▶ WORK ITEM: The line with "Ref:AUX-24685422 VOLKSWAGEN GOLF R VARIANT 2019 7", the line with "Gallus Old town apartment", and all lines between them in the material below: return these exactly, and no others.

——————————

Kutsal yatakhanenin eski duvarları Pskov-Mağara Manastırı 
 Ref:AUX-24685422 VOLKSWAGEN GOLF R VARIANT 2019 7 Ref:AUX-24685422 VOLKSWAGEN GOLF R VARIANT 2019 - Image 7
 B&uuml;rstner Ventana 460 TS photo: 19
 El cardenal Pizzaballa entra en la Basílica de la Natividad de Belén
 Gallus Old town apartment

——————————

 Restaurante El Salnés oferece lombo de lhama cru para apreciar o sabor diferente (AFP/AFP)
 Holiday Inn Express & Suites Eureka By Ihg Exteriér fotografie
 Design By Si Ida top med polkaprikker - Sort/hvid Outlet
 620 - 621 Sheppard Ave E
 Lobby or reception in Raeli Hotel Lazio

——————————

▶ OUTPUT FOR THIS TASK:
 Ref:AUX-24685422 VOLKSWAGEN GOLF R VARIANT 2019 7 Ref:AUX-24685422 VOLKSWAGEN GOLF R VARIANT 2019 - Image 7
 B&uuml;rstner Ventana 460 TS photo: 19
 El cardenal Pizzaballa entra en la Basílica de la Natividad de Belén
 Gallus Old town apartment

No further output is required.